*DESCRIPTION OF THE TASK*:
Retype each record below word for word. Leave the pictures out.

### LISTED RECORDS

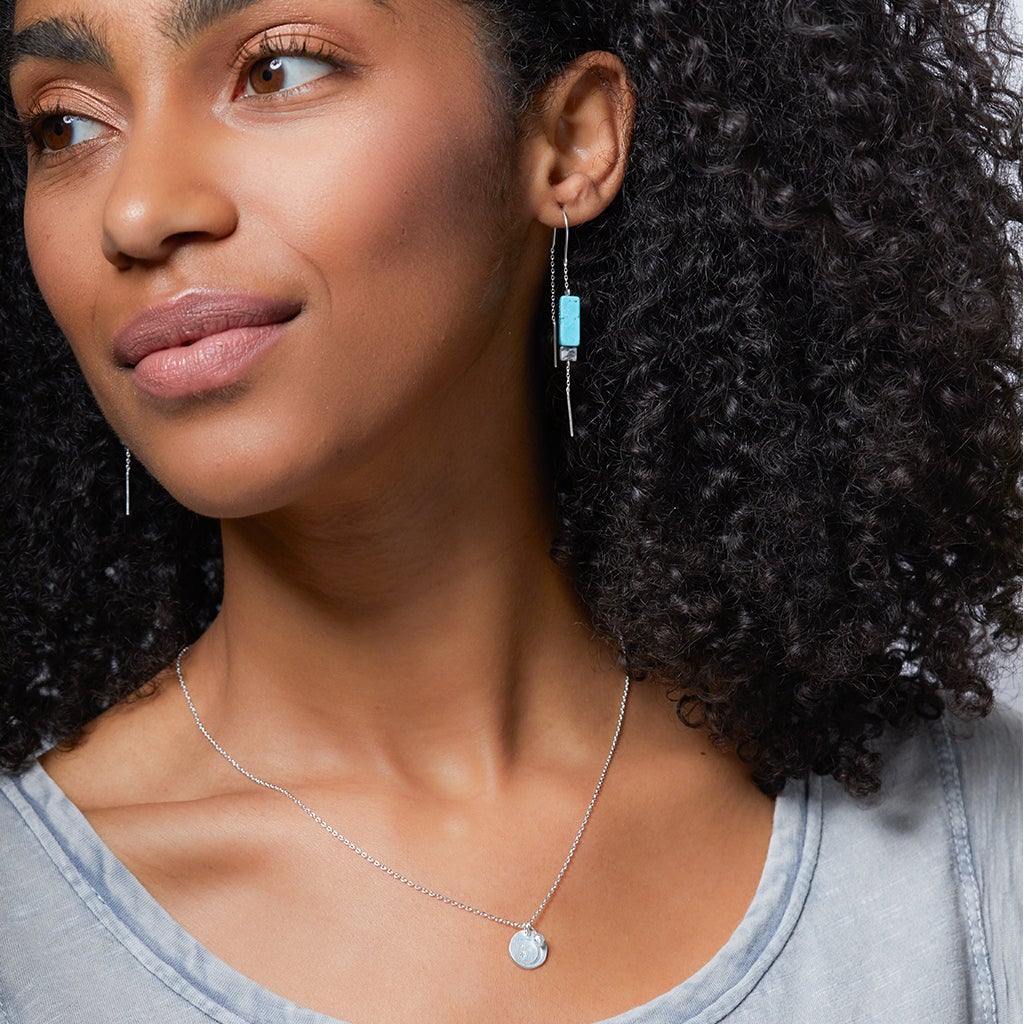 Stone Intention Charm Necklace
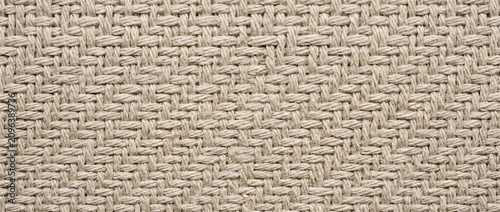 Fabric texture displays a realistic seamless natural woven cotton basket weave pattern for upholstery wallpaper textile backgrounds and premium surface design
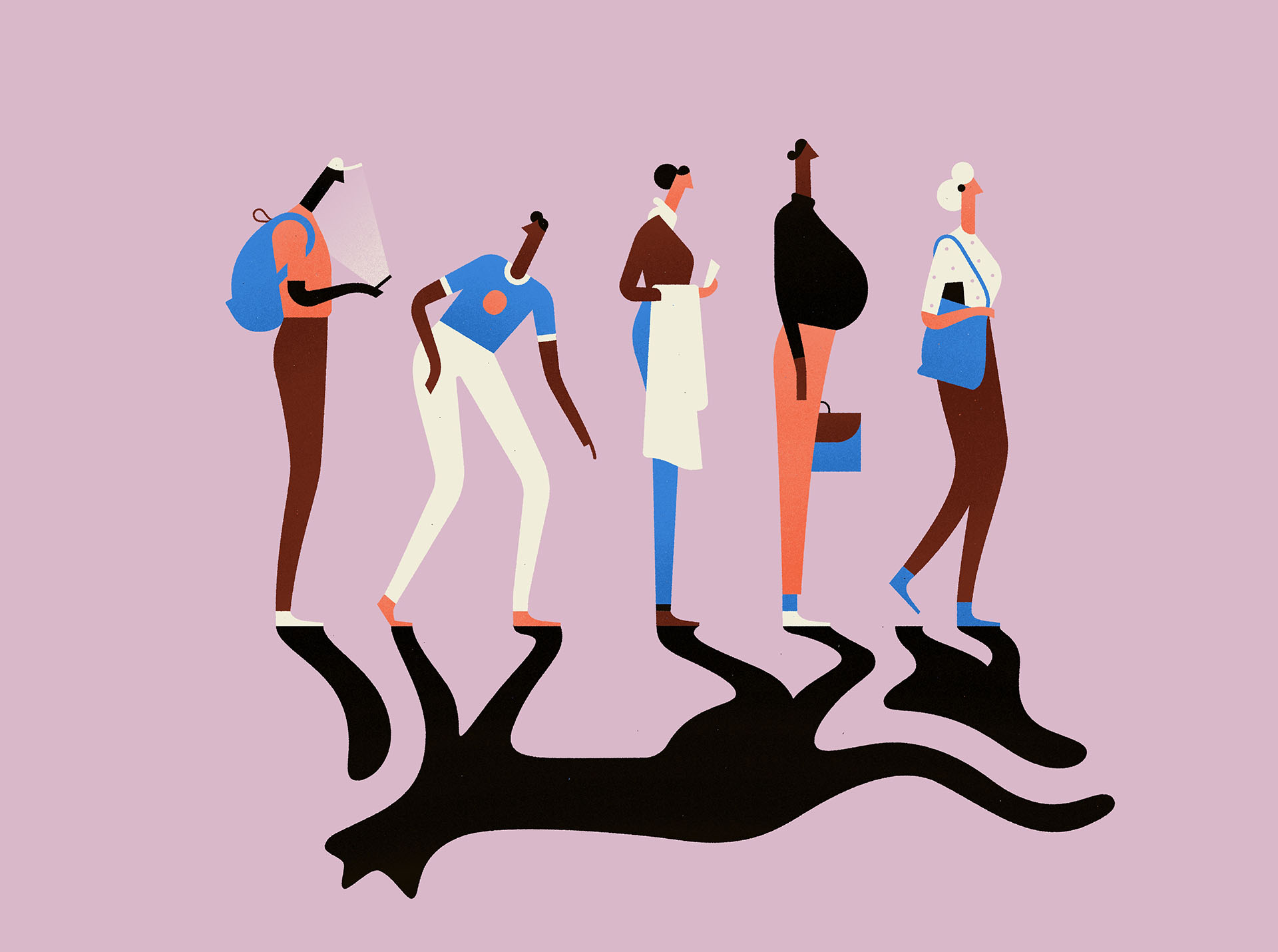 99U characters Creativity editorial ILLUSTRATION  Pastels Productivity.jpg
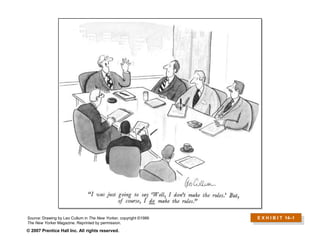 © 2007 Prentice Hall Inc. All rights reserved.
Source: Drawing by Leo Cullum in The New Yorker, copyright ©1986
The New Yorker Magazine. Reprinted by permission.
E X H I B I T 14–1
 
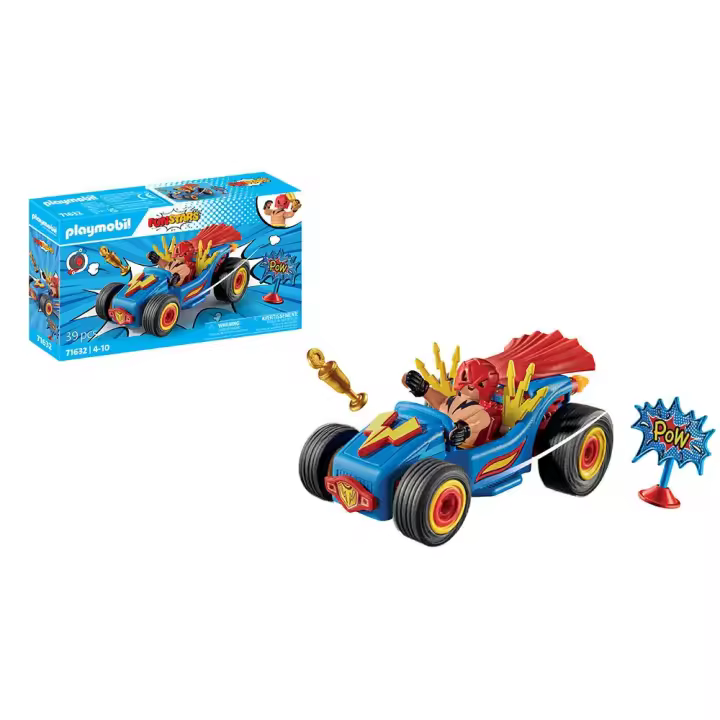 Juguetes Figuras Playmobil Luchador De Carreras Azul - 1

######

*OUTPUT OF THE TASK*:
 Stone Intention Charm Necklace
 Fabric texture displays a realistic seamless natural woven cotton basket weave pattern for upholstery wallpaper textile backgrounds and premium surface design
 99U characters Creativity editorial ILLUSTRATION  Pastels Productivity.jpg
 © 2007 Prentice Hall Inc. All rights reserved.
Source: Drawing by Leo Cullum in The New Yorker, copyright ©1986
The New Yorker Magazine. Reprinted by permission.
E X H I B I T 14–1
 
 Juguetes Figuras Playmobil Luchador De Carreras Azul - 1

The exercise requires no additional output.